Foundation Model
A large model trained broadly once and adapted to many tasks — a term coined to name a shift in how AI gets built, and contested from the day it was proposed.
When not to use it
- As a synonym for "LLM". Foundation models include image, audio, and multimodal systems; the term names a role in a stack, not an architecture.
- As a synonym for "frontier model". One is about how it's built and used, the other about capability and regulatory attention.
- For narrow, well-specified problems with plentiful labels. A small supervised model is cheaper, faster, more predictable, and easier to defend.
Reach for something else instead
- Task-specific supervised models still win on narrow, stable, high-volume problems, and are far easier to reason about.

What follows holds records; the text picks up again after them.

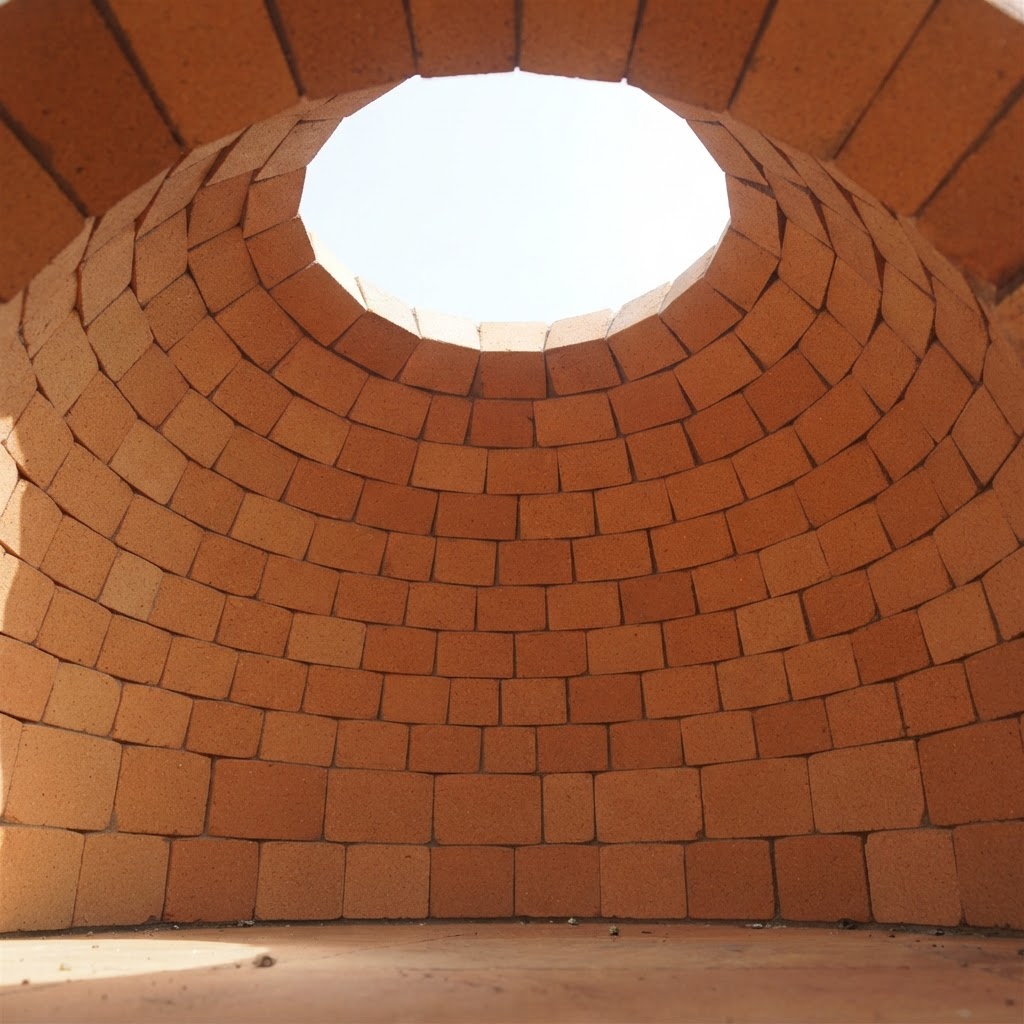The hand-laid firebrick interior of a masonry oven dome under construction
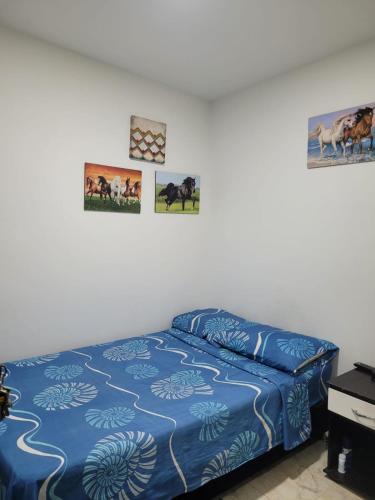 a bedroom with a bed with blue sheets and pictures on the wall at HOSTAL S Y S in Cali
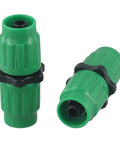 Grab This Expandable Garden Hose Repair Kit For All Your Leaks And Fittings, Featuring Tough Plastic Connectors That Fix 25 50 75 Or 100 Foot Hoses Perfectly With A Solid Build To Stop Drips And Restore Flow In No Time. Green plastic hose repair connectors with black rings shown from two angles.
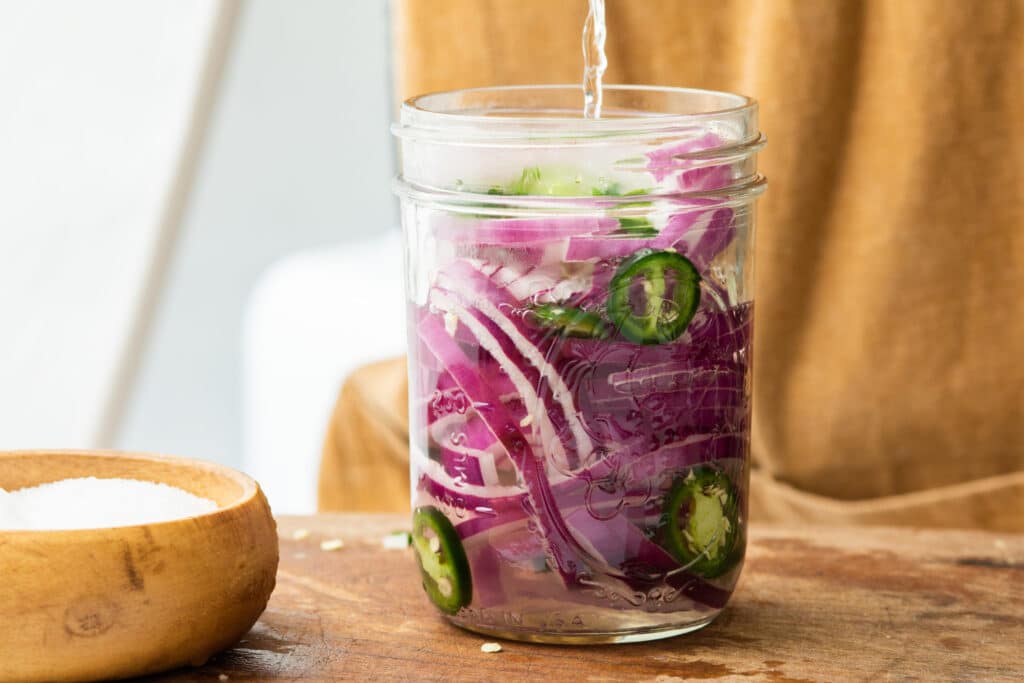 Jar of pickled red onions and jalapeños being prepared with water, placed on a wooden surface next to a bowl of salt.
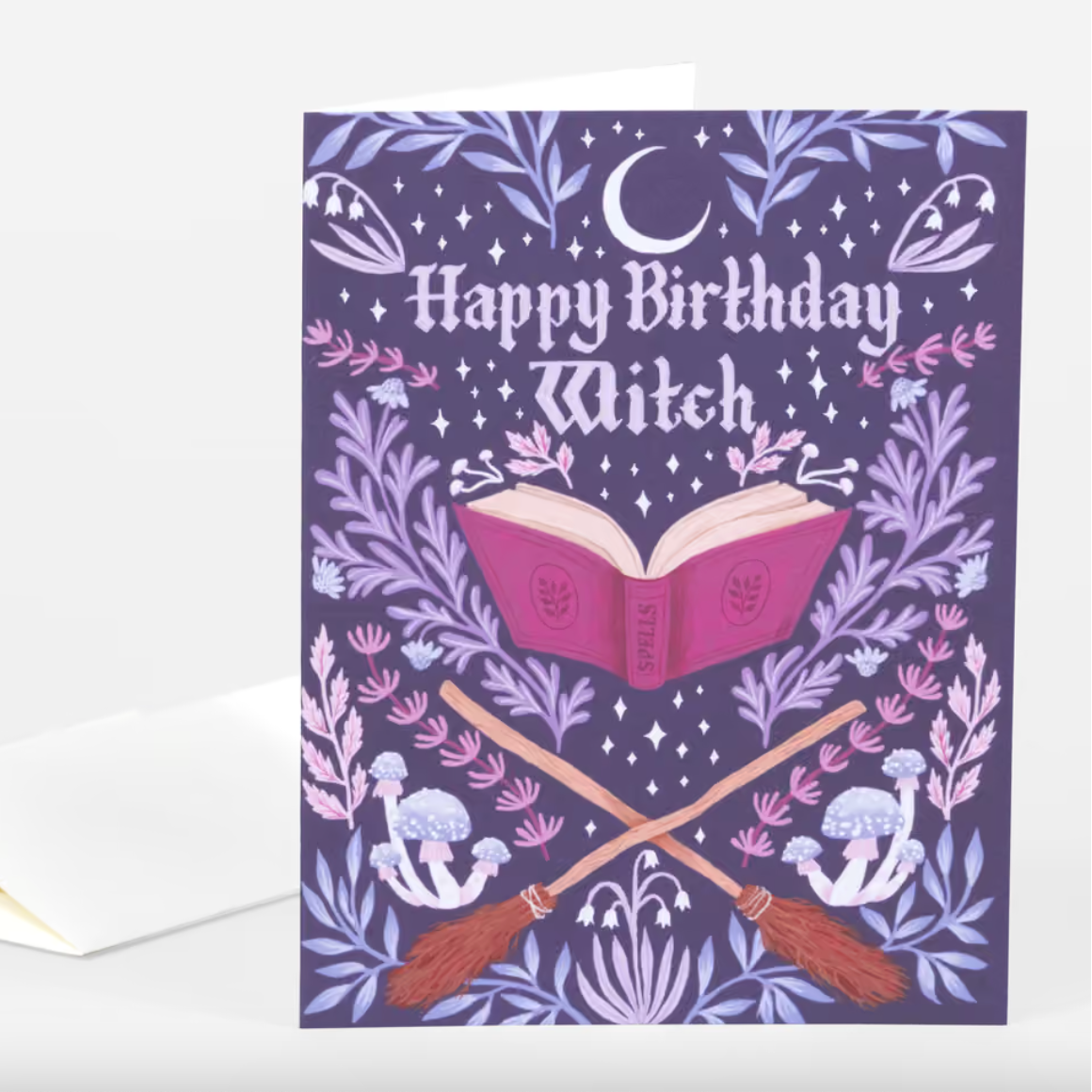 A dark purple card with a crescent moon, leaves and mushrooms, a spellbook, two brooms crossed at the handles, and text that reads "Happy Birthday Witch"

- Small language models give you most of the adaptation story without the dependency, when the task is narrow enough.
- Classical methods — a regex, a lookup, a gradient-boosted tree — remain the correct answer more often than the discourse suggests.
Sources & further reading
- Bommasani et al. (2021), On the Opportunities and Risks of Foundation Models — the paper that coined the term and made the homogenisation argument.
- Brown et al. (2020), Language Models are Few-Shot Learners — the result that made one-model-many-tasks credible.
- Radford et al. (2021), Learning Transferable Visual Models From Natural Language Supervision — the same shift outside text.
Primary sources, listed so you can check the claims on this page rather than take them on trust.
Where people go wrong
- Treating the foundation as a stable dependency. It's a vendor's product; it changes, and everything you built inherits the change whether you tested for it or not.
- Assuming breadth means competence. Broad pretraining buys transfer, not accuracy on your specific problem, and the gap only shows up in your own evals.
- Missing the homogenisation risk the coining paper actually led with. When everyone builds on the same three foundations, everyone shares their blind spots — and "many vendors" is not diversity if they all wrap the same weights.